Using the data below, restate exactly every line from the one with "Bursa’da uyuşturucu operasyonu!" up to and including the one with "una tazza di". No picture belongs in it.

→ **DATA TO PROCESS**
+--

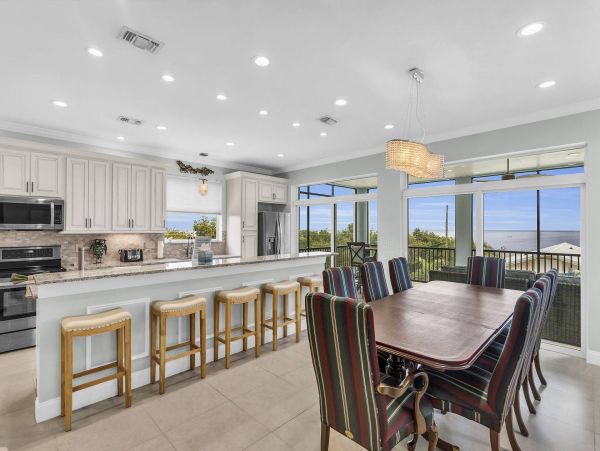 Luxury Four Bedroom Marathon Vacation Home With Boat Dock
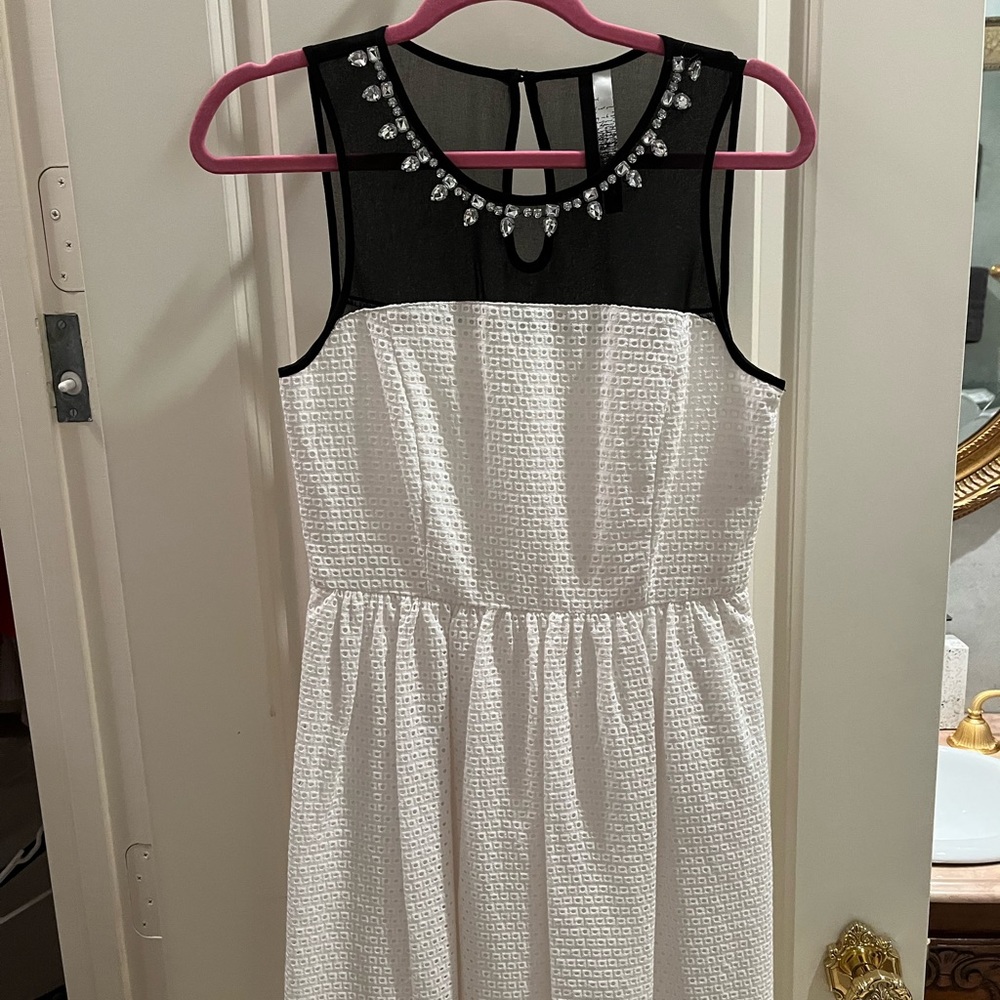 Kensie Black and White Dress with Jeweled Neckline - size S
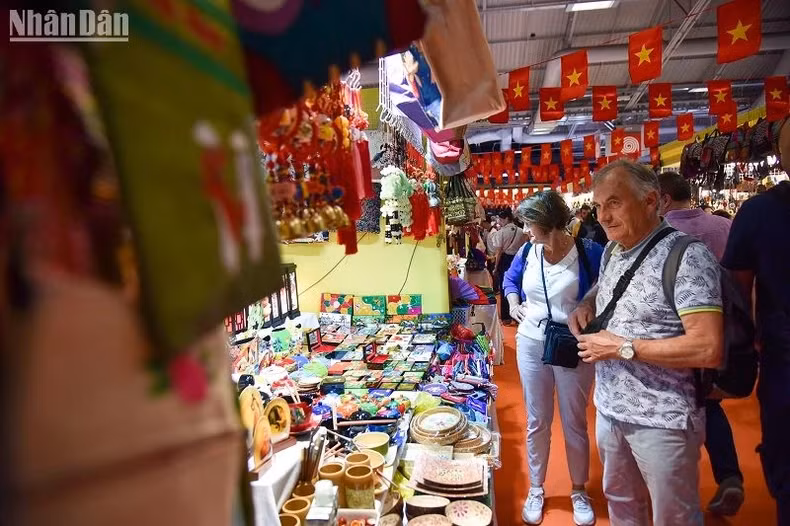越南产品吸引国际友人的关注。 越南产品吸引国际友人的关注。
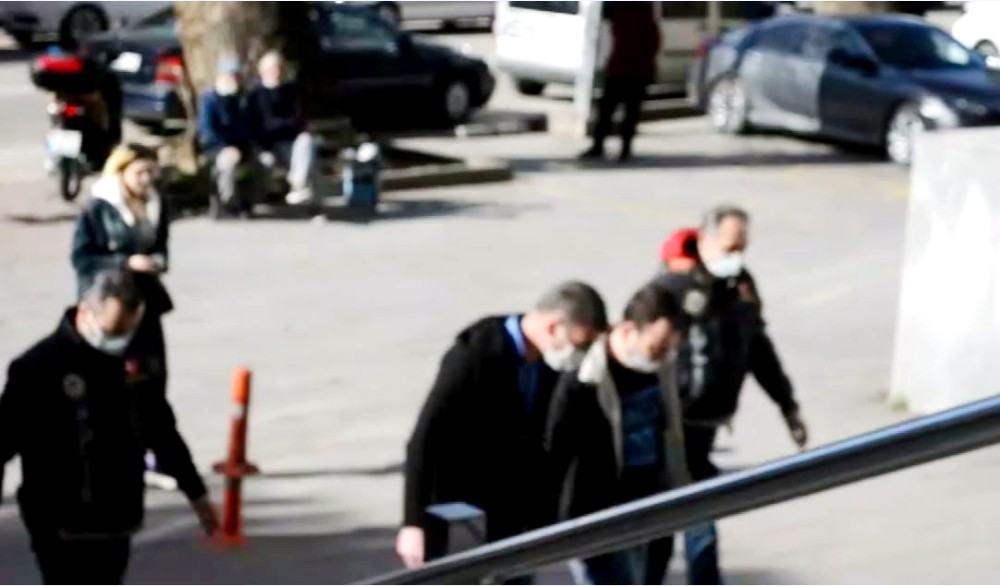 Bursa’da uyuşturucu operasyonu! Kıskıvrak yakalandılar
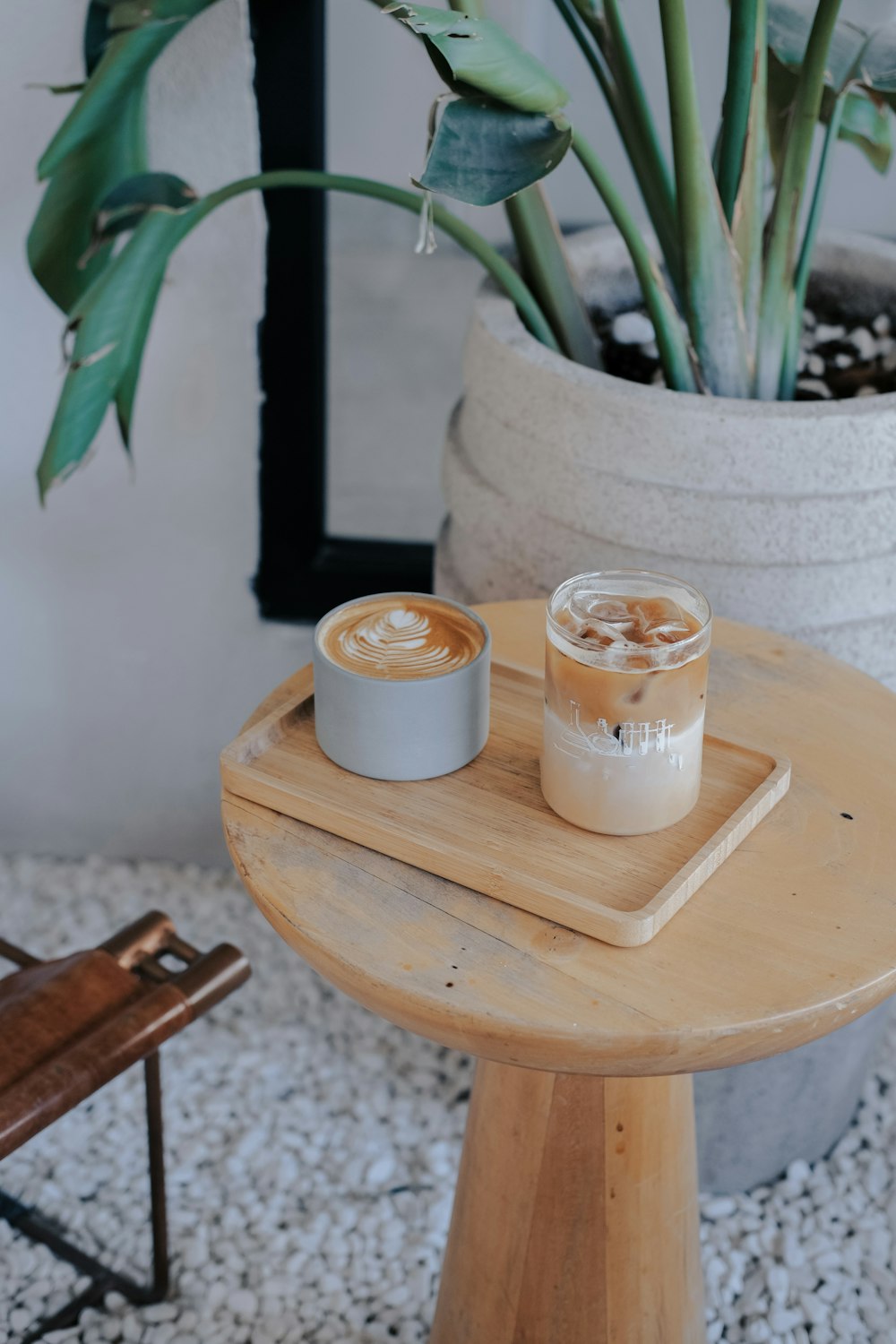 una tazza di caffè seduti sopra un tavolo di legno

+--

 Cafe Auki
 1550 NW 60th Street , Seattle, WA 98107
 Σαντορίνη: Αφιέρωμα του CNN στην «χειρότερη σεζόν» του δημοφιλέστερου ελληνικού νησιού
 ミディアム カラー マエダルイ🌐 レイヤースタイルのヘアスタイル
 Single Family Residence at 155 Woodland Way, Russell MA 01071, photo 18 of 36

+--

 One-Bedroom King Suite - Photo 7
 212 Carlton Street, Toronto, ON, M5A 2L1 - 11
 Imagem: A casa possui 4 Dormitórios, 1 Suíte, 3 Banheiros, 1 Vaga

+--

→ **OUTPUT FOR THIS TASK**
 Bursa’da uyuşturucu operasyonu! Kıskıvrak yakalandılar
 una tazza di caffè seduti sopra un tavolo di legno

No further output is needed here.